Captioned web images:
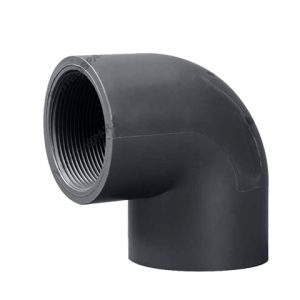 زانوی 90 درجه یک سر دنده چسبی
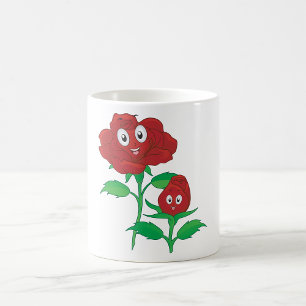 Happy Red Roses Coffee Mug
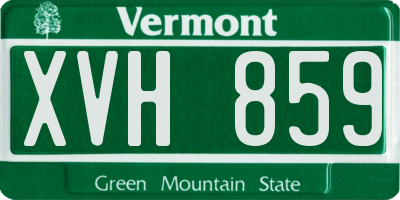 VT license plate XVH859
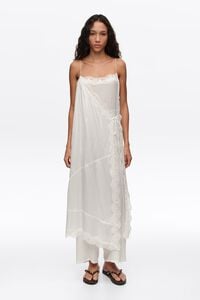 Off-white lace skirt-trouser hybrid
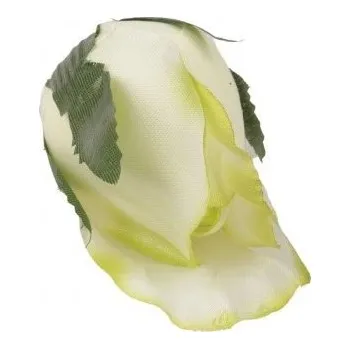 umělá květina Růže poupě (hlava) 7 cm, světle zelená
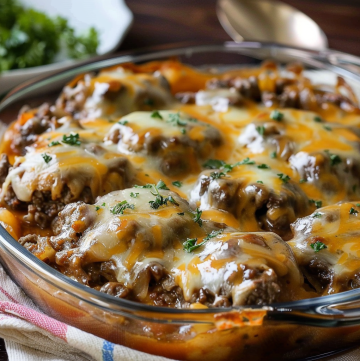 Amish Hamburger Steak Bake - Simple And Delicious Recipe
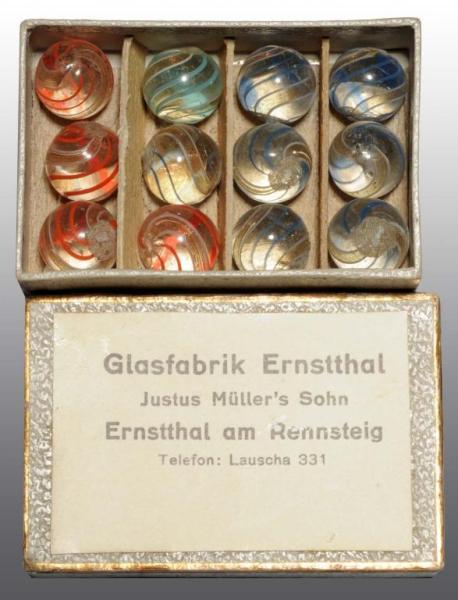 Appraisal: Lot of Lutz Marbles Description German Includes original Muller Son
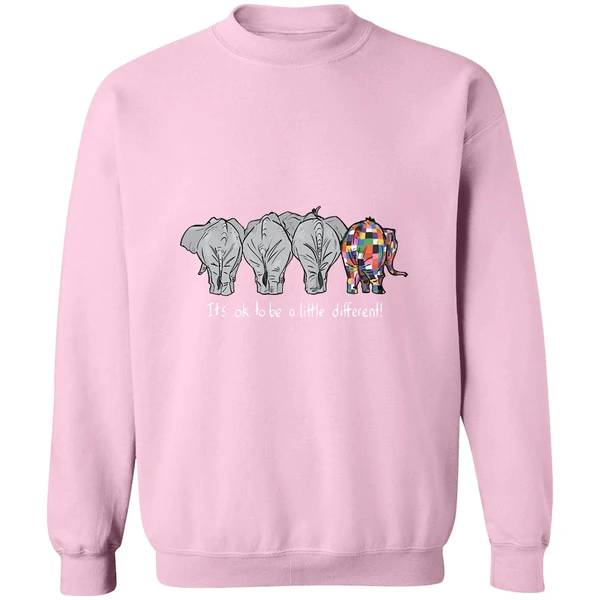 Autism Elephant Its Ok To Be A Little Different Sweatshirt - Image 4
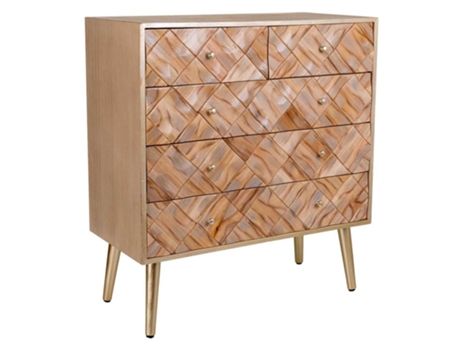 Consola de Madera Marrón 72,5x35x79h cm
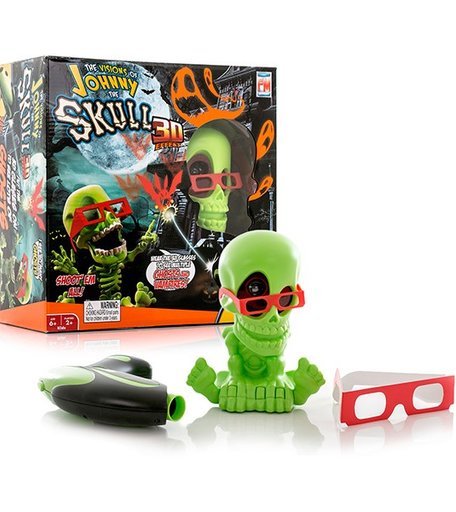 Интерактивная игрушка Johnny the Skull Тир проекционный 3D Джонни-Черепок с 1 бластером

Exercise aim: Leave out each picture and extract the lines from the one containing "umělá květina Růže" through the end of the records above, inclusive, exactly as they stand.

Exercise result:
 umělá květina Růže poupě (hlava) 7 cm, světle zelená
 Amish Hamburger Steak Bake - Simple And Delicious Recipe
 Appraisal: Lot of Lutz Marbles Description German Includes original Muller Son
 Autism Elephant Its Ok To Be A Little Different Sweatshirt - Image 4
 Consola de Madera Marrón 72,5x35x79h cm
 Интерактивная игрушка Johnny the Skull Тир проекционный 3D Джонни-Черепок с 1 бластером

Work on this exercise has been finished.